The How, Why, And What
A crankshaft rotates thousands of times per minute and as this happens it’s generating a lot of force. The crankshaft twists back and forth during this process and is measured in degrees of twist peak to peak. According to Beattie, this twist is what breaks parts and reduces horsepower if it’s not addressed.
“A damper’s job is to absorb and counteract as much of the twist as possible. With the right damper on your engine, the majority of the twist can be eliminated. However, with the wrong damper, virtually all of the twist can remain or even be added to. A damper’s job is to rebound the recoil of a spring. In this case, the spring is your crankshaft twisting, and when it tries to rebound past its natural state, that is when the damper needs to counteract and stop it,” Beattie explains.

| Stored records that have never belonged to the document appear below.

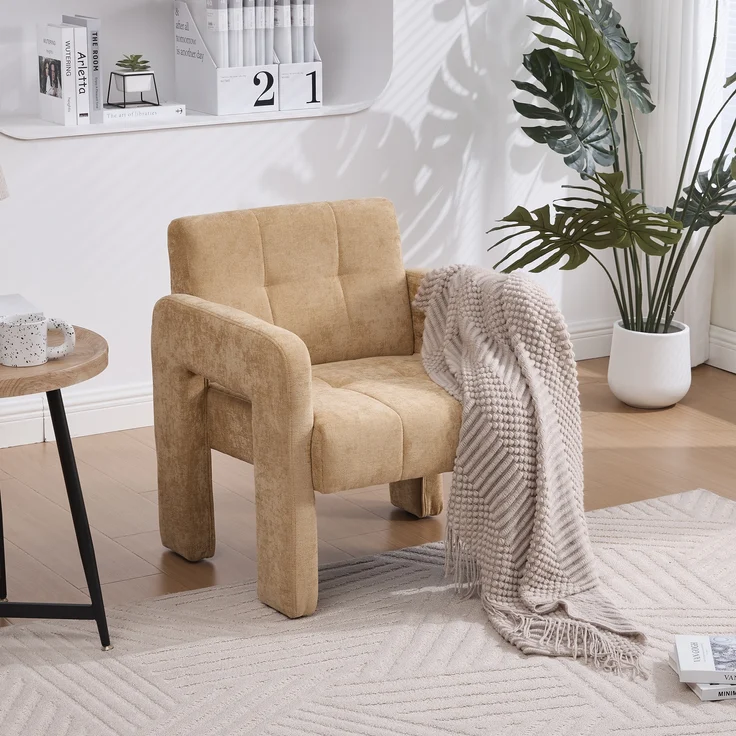 LVHOM Sessel Skandinavischer Stil, Polstersessel Cordstoff, Relaxsessel Einzelsessel Loungesessel, für Wohnzimmer, Büro, Schlafzimmer, Gelb – Bild 2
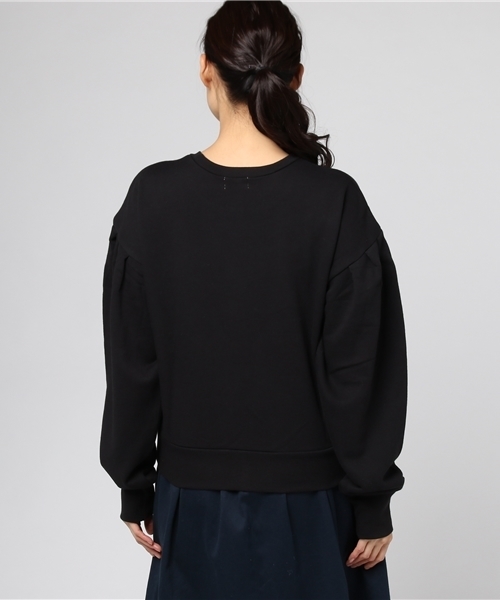 notch.（ノッチ）の「デザインスリーブスエットトップス            （スウェット・レディース・グレー/ブラック/オレンジ・M）」の5枚目の写真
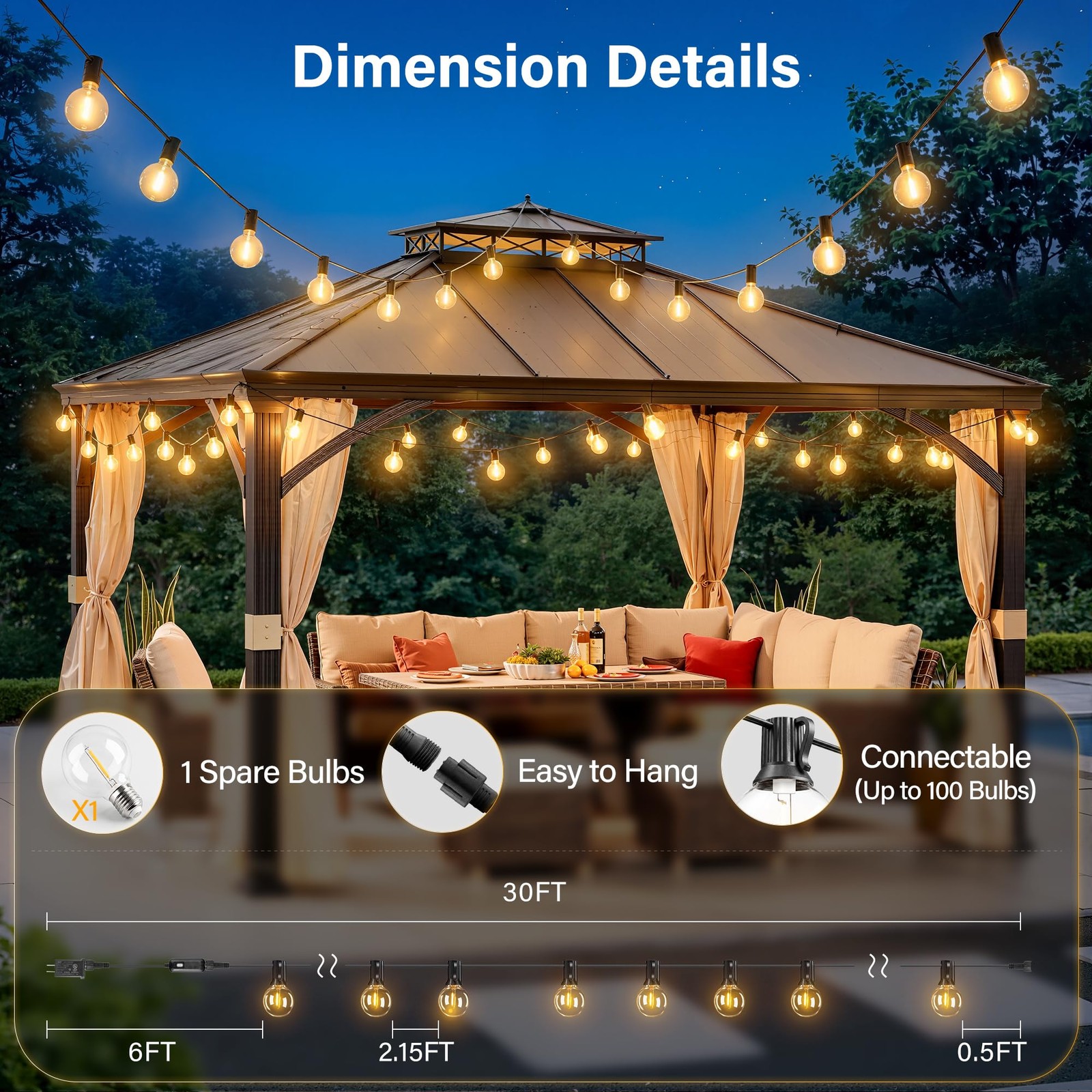 30FT Outdoor String Lights with Remote, Waterproof Connectable Dimmable G40 P...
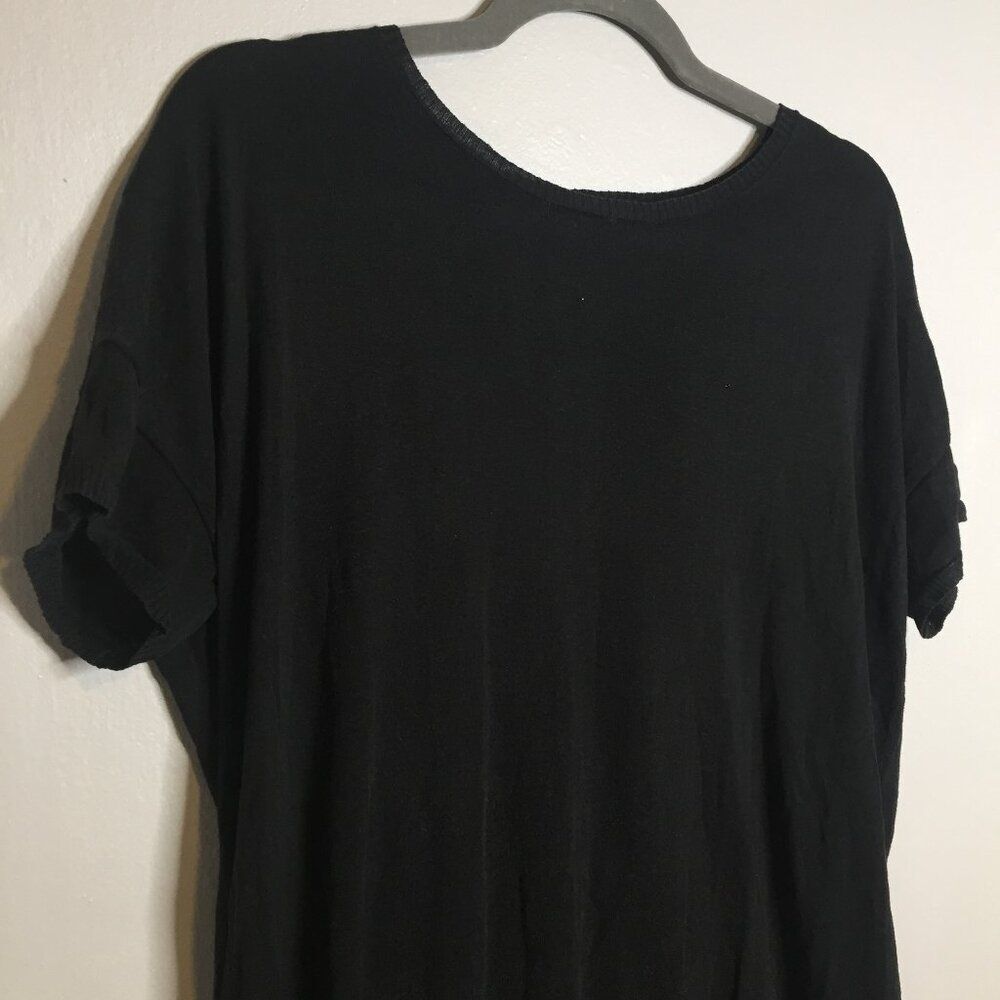Eileen Fisher Silk and Linen Blend Shirt with Cuff Detail | XS | Black Shirt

The dampers must be SFI-certified and designed to operate in the correct RPM range and power level sourced from a reputable supplier. – Jimmy Stray, SAM Tech Instructor
In any high-performance application, especially a naturally-aspirated one that will spin to a higher RPM level, it becomes vital to have the right harmonic balancer. As the RPM climbs as the crankshaft spins, the torsional vibrations grow exponentially.
“In a nutshell, harmonic dampers help to reduce the torsional stresses generated by the linear to rotational motion of the engine. Using the correct damper is vital to reduce the damaging harmonics generated in any engine, but especially so at today’s higher horsepower levels. Reducing the torsional stress is a huge benefit in the sense that we are able to push the structural limits of the engine much further,” Stray says.
So you know how the balancer protects your engine and why you need one, but do you know what to look for? Each engine has different balancer requirements based on its size, accessories, and application. The weight of the balancer needs to match the engine so it can do its job of making sure the torsional vibrations are kept in check.
According to Beattie, there are some other things you need to keep in mind when selecting your harmonic balancer.
“SFI approval is important — you want to be sure you have a balancer that’s approved for safety reasons. You should also look at the design; the Super Damper and others will never allow the timing marks to rotate on the inner part of the damper. A good keyway is important, along with quality fasteners to make sure the damper can deal with the extreme environment it’s put in. You just want to select a high-quality damper because its job is very important.”
A harmonic balancer is a part that you don’t want to overlook or not invest in when you’re building an engine. If high-RPM is in the future for your engine, the right balancer becomes critical if you want it to perform and last.